§ **Source data**
────────────────────────────────────────

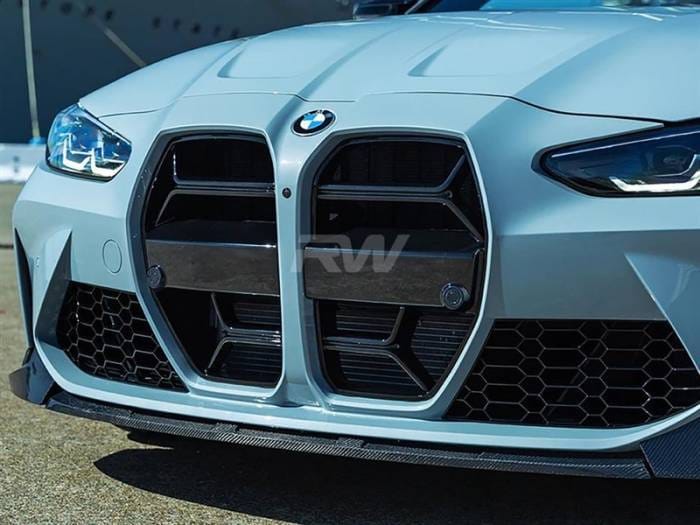 BMW G8X M3/M4 Gloss Black CSL Grille bmwg8x05 thumbnail 4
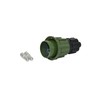 Nato Socket / Plug 2-Pin with Contacts 35 mm²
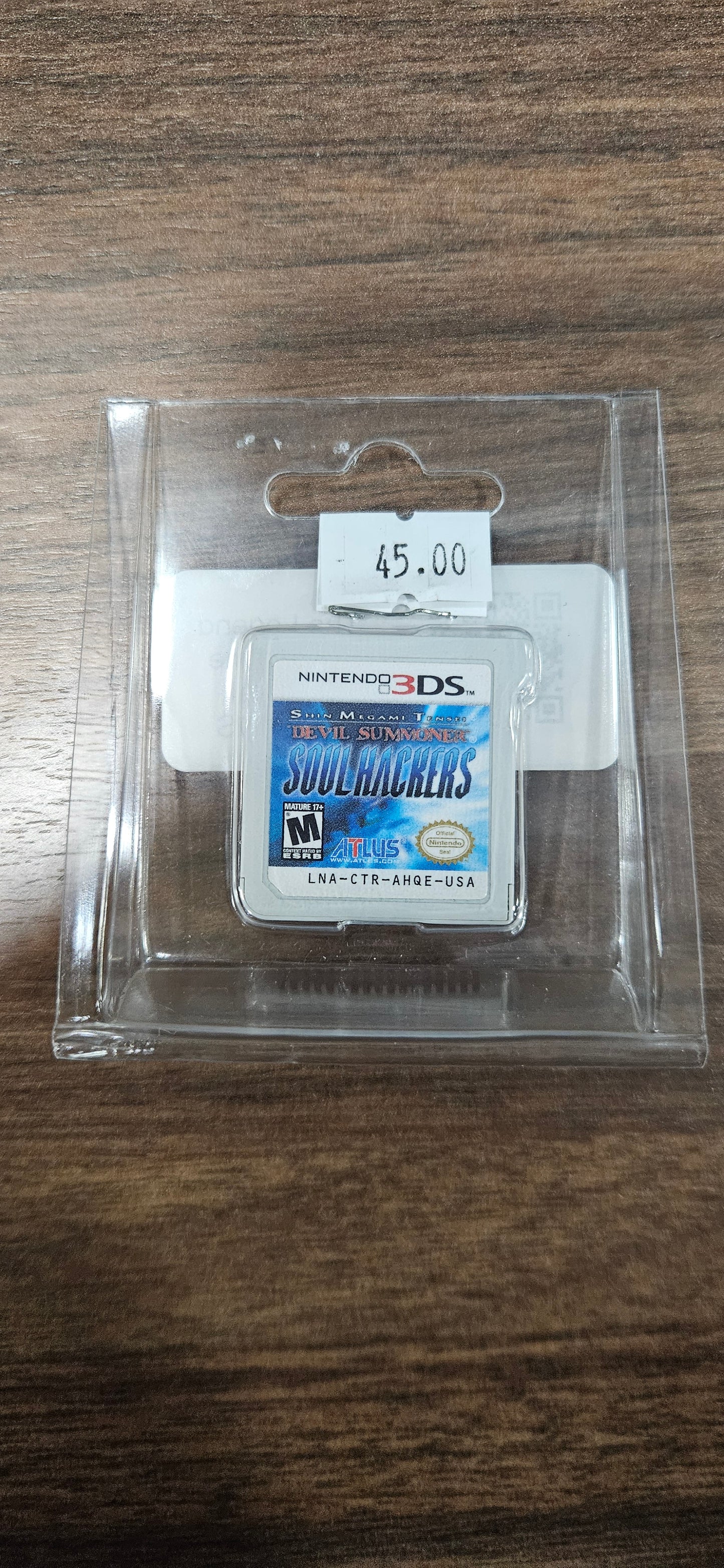 Shin Megami Tensie Devil Summoners Soul Hackers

────────────────────────────────────────

§ **Exercise description**
Write every line above out again exactly; pictures do not belong in the copy.

§ **Solution for this problem**
 BMW G8X M3/M4 Gloss Black CSL Grille bmwg8x05 thumbnail 4
 Nato Socket / Plug 2-Pin with Contacts 35 mm²
 Shin Megami Tensie Devil Summoners Soul Hackers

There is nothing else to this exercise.